Questioni minori a parte, poco affascinanti e conseguentemente di scarso impatto mediatico, il dibattito politico sembra ormai essersi bloccato sulla riforma del lavoro e sulla manovra economica. E, ogni qual volta si torna a discutere, riemergono con forza le dure contrapposizioni che stanno dividendo il Paese nelle ultime settimane, con drastiche punte di radicalizzazione, soprattutto, negli ultimi giorni. Divisioni non solo trasversali, come si è avuto modo di precisare in diverse circostanze, ma anche interne agli stessi schieramenti, Pd docet.
È difficile non solo cancellare dalla mente i duri scontri verificatisi qualche giorno fa tra lavoratori e forze dell’ordine, ma soprattutto le parole del finanziere Davide Serra, ospite quasi fisso dell’attuale (non)eletto Presidente del Consiglio, Matteo Renzi, e della Leopolda. Anche lui figura tra i finanziatori della (controversa) rimpatriata annuale fiorentina dei sostenitori del segretario del Pd. È sufficiente fare qualche ricerca sul web per capire chi sia Serra, come si guadagni da vivere e quali siano le sue roboanti ed illuminanti idee in ambito socio-economico.
Continua, quindi, senza dare segnali di distensione, la frattura tra maggioranza e minoranza del Partito democratico. Sulla riforma del lavoro, meglio nota come Jobs act, torna a farsi sentire Stefano Fassina che, ritenendo un segno di debolezza politica porre la fiducia sulla delega al lavoro anche alla Camera, dopo averla messa al Senato, ribadisce la propria posizione di forte dissenso, criticando l’impostazione liberista delle politiche “democratiche” del Governo.
A dar mano forte alla minoranza Pd ci pensa, nemmeno a farlo di proposito, il leader della Fiom, Maurizio Landini.
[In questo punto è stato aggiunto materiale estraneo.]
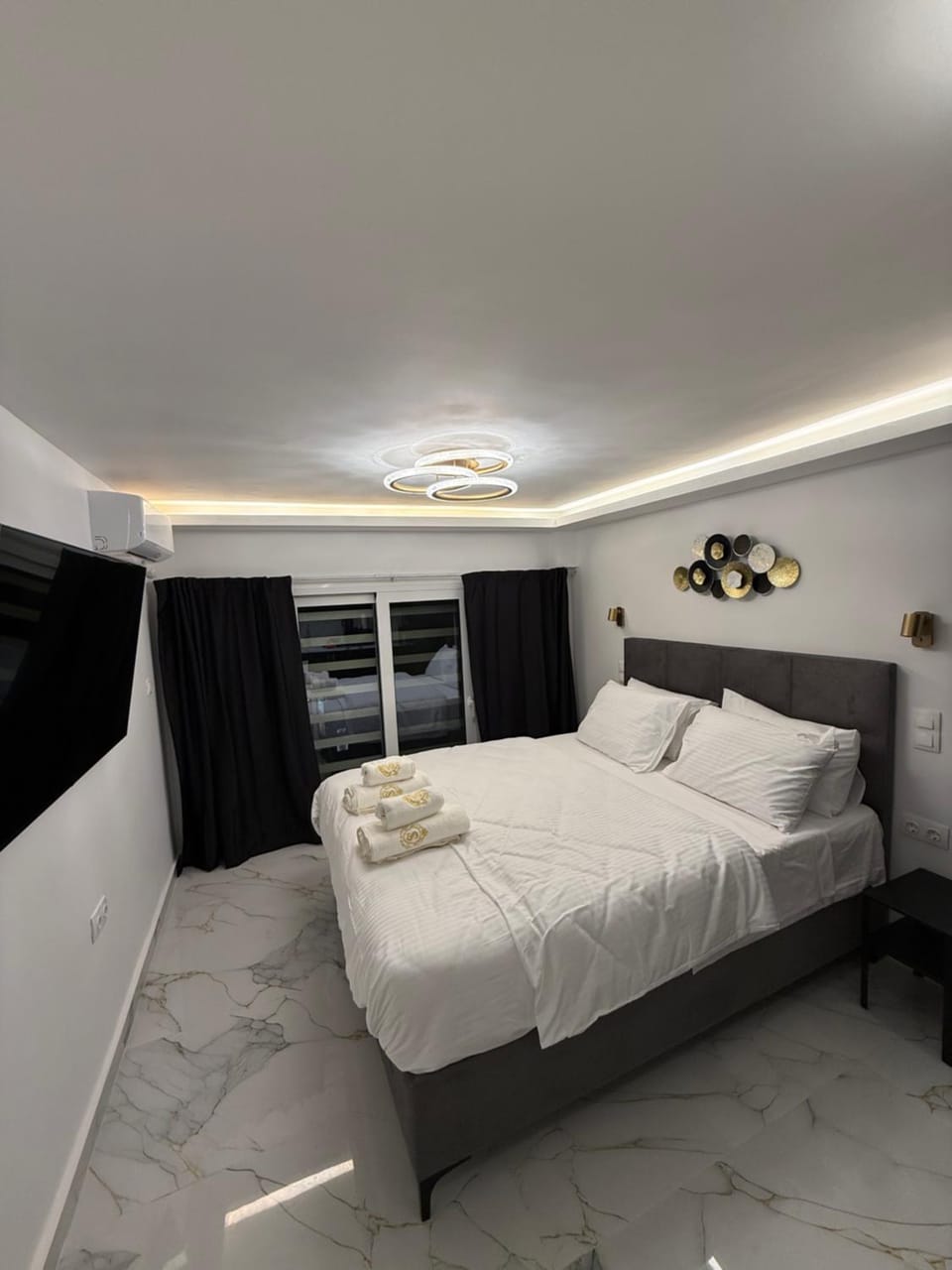 City Center Lux Studio Apartment in Athens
Il sindacalista – che esclude, oggi, una sua eventuale discesa in politica, magari per guidare un ipotetico partito alla sinistra del Pd, in grado raccogliere consensi a differenza di quanto non siano riusciti a fare Vendola con Sel e Ferrero con le varie sigle con cui negli ultimi anni ha tentanto furbescamente, ma anche inutilmente, di riproporre rifondazione comunista – ricorda che in gioco non c’è soltanto il tanto discusso articolo 18 dello Statuto del Lavoratori. Su un aspetto, però, non esprime nessuna titubanza. L’unica strada percorribile “per far cambiare idea al Governo – puntualizza – è di convincerlo che noi abbiamo la maggioranza dei consensi. Bisogna convincere Renzi che contro il lavoro non va da nessuna parte”.